Lu Tzu-Chiao, Leu Jun-Yi, Lin Wen-Chang
Graduate Institute of Life Sciences, National Defense Medical Center, Taipei, Taiwan.
Institute of Molecular Biology, Academia Sinica, Taipei, Taiwan.
Mol Biol Evol. 2017 Nov 1;34(11):2823-2838. doi: 10.1093/molbev/msx210.

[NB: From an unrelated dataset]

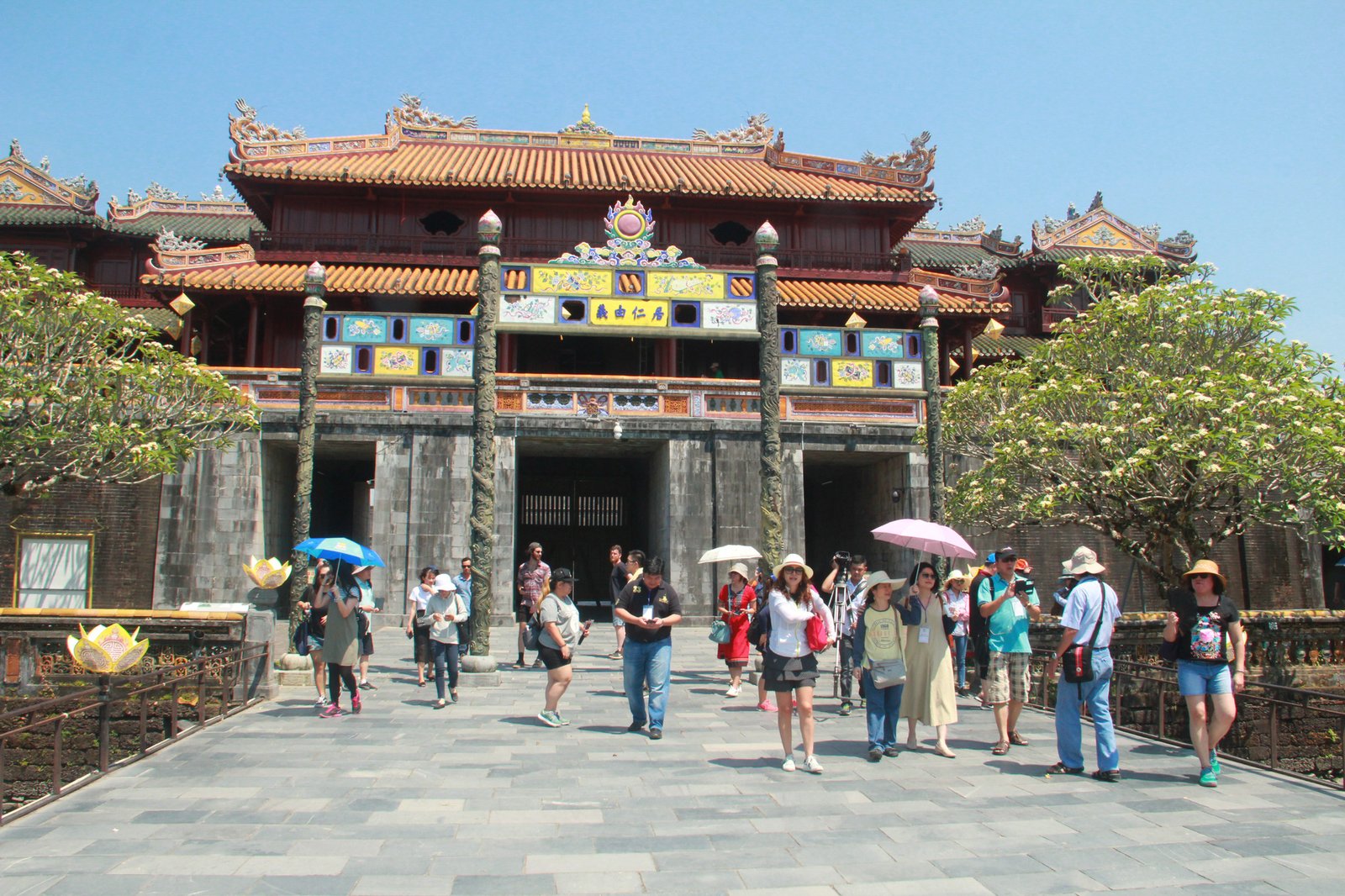 Du lịch Huế tháng 4 từ homesgreens.com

Novel genes arising from random DNA sequences (de novo genes) have been suggested to be widespread in the genomes of different organisms. However, our knowledge about the origin and evolution of de novo genes is still limited. To systematically understand the general features of de novo genes, we established a robust pipeline to analyze >20,000 transcript-supported coding sequences (CDSs) from the budding yeast Saccharomyces cerevisiae. Our analysis pipeline combined phylogeny, synteny, and sequence alignment information to identify possible orthologs across 20 Saccharomycetaceae yeasts and discovered 4,340 S. cerevisiae-specific de novo genes and 8,871 S. sensu stricto-specific de novo genes. We further combine information on CDS positions and transcript structures to show that >65% of de novo genes arose from transcript isoforms of ancient genes, especially in the upstream and internal regions of ancient genes. Fourteen identified de novo genes with high transcript levels were chosen to verify their protein expressions. Ten of them, including eight transcript isoform-associated CDSs, showed translation signals and five proteins exhibited specific cytosolic localizations. Our results suggest that de novo genes frequently arise in the S. sensu stricto complex and have the potential to be quickly integrated into ancient cellular network.
源于随机DNA序列的新基因(从头起源基因)被认为在不同生物体的基因组中广泛存在。然而,我们对从头起源基因的起源和进化的了解仍然有限。为了系统地了解从头起源基因的一般特征,我们建立了一个强大的流程来分析来自芽殖酵母酿酒酵母的20000多个转录本支持的编码序列(CDS)。我们的分析流程结合了系统发育、共线性和序列比对信息,以识别20种酵母科酵母中的可能直系同源物,并发现了4340个酿酒酵母特异性的从头起源基因和8871个狭义酵母属特异性的从头起源基因。我们进一步结合CDS位置和转录本结构的信息,表明超过65%的从头起源基因来自古老基因的转录本异构体,特别是在古老基因的上游和内部区域。选择14个转录水平高的已鉴定从头起源基因来验证它们的蛋白质表达。其中10个,包括8个与转录本异构体相关的CDS,显示出翻译信号,5种蛋白质表现出特定的胞质定位。我们的结果表明,从头起源基因经常出现在狭义酵母属复合体中,并且有可能迅速整合到古老的细胞网络中。